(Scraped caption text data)
----------------------------------------
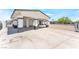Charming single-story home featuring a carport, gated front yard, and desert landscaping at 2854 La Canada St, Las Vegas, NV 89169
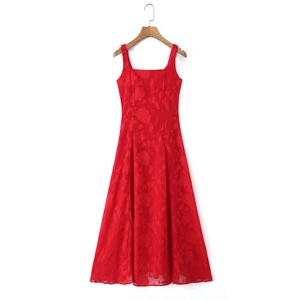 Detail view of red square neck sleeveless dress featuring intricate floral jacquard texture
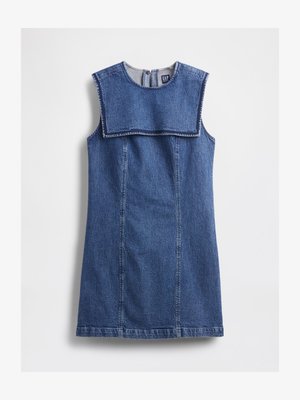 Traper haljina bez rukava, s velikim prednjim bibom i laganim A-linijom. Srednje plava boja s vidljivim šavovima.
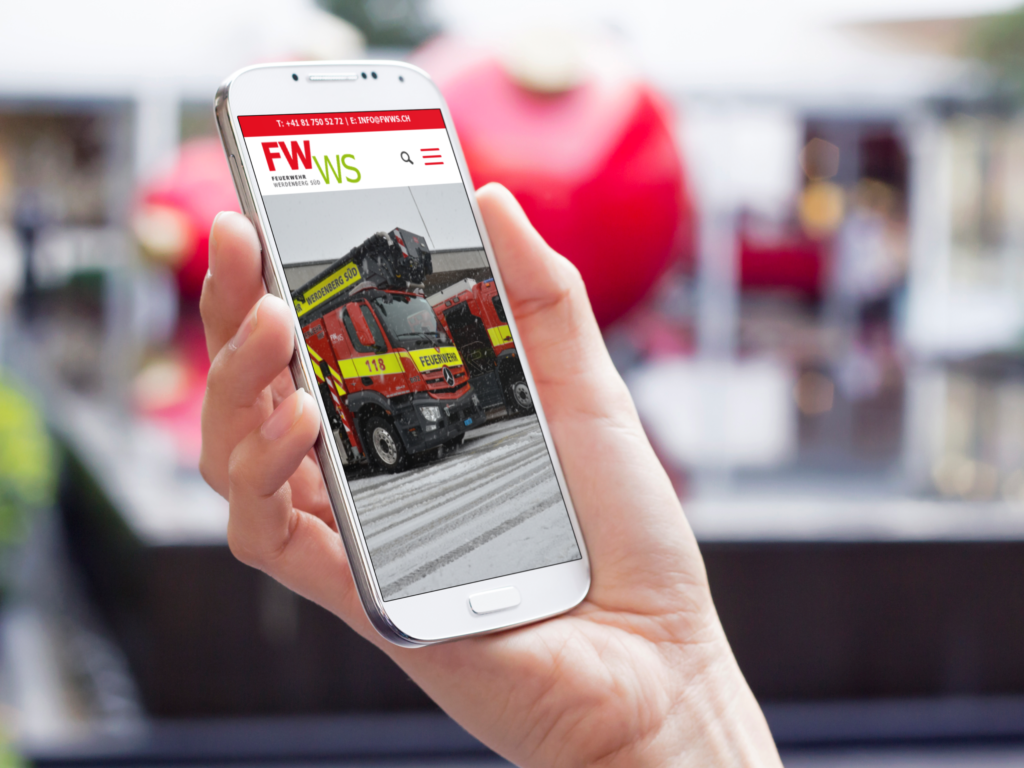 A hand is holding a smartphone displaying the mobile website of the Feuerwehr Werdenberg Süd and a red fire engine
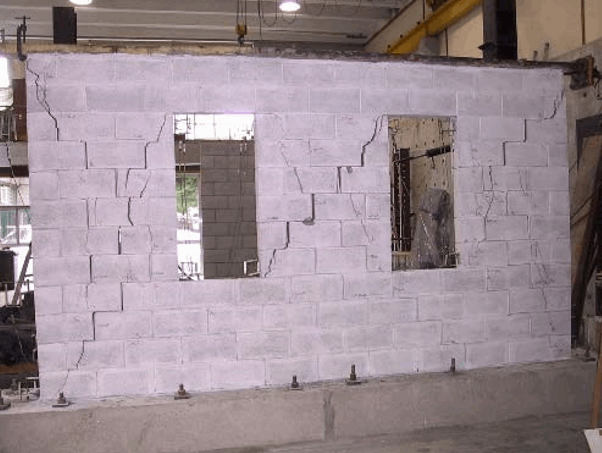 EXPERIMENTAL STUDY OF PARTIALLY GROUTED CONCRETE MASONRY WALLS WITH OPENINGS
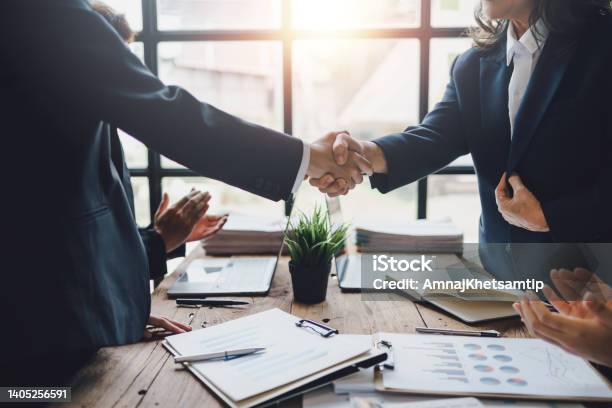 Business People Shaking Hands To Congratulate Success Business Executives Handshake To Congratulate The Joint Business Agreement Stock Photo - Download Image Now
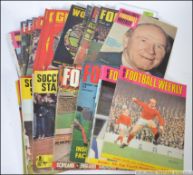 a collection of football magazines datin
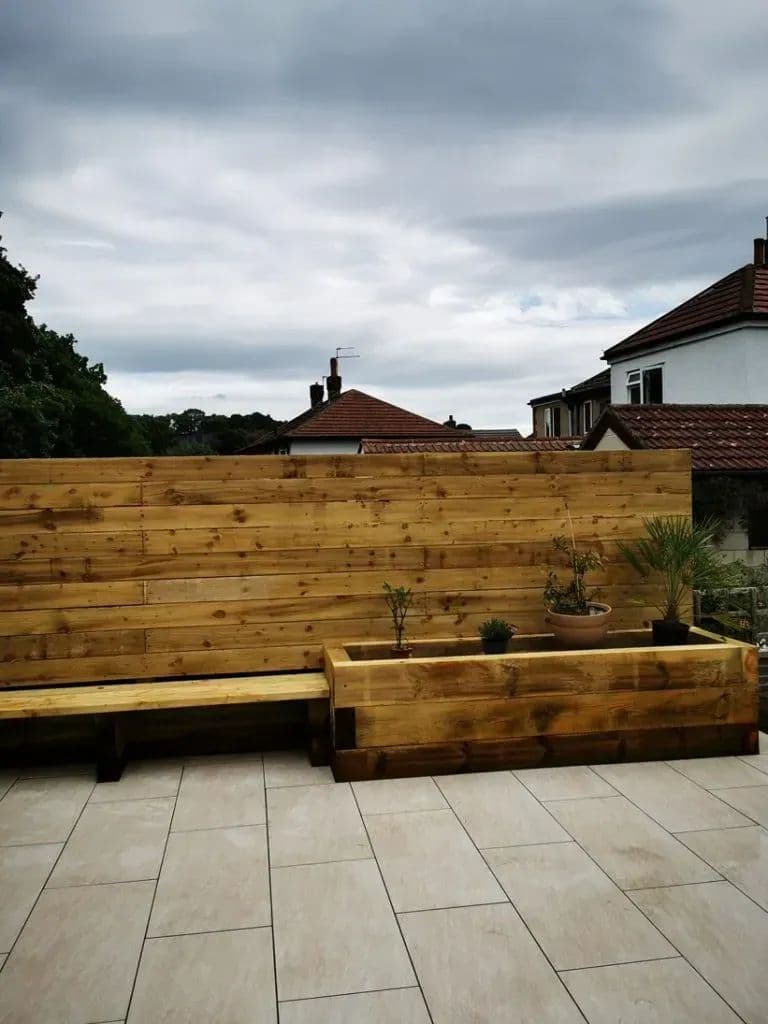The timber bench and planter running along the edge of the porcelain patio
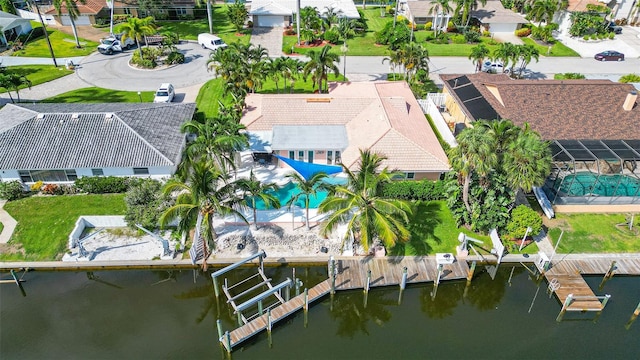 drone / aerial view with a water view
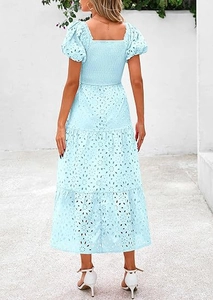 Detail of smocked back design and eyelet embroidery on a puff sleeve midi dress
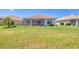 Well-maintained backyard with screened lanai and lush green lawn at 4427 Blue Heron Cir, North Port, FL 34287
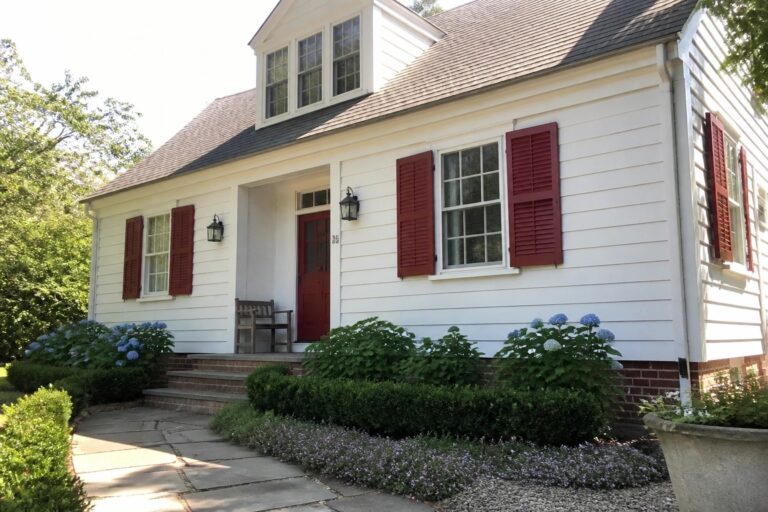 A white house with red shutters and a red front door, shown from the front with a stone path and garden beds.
----------------------------------------
§ Description of the task: Take the records above from their first line through the line with "Detail view of" and set those lines down word for word, minus the pictures.

§ Answer for this exercise:
Charming single-story home featuring a carport, gated front yard, and desert landscaping at 2854 La Canada St, Las Vegas, NV 89169
 Detail view of red square neck sleeveless dress featuring intricate floral jacquard texture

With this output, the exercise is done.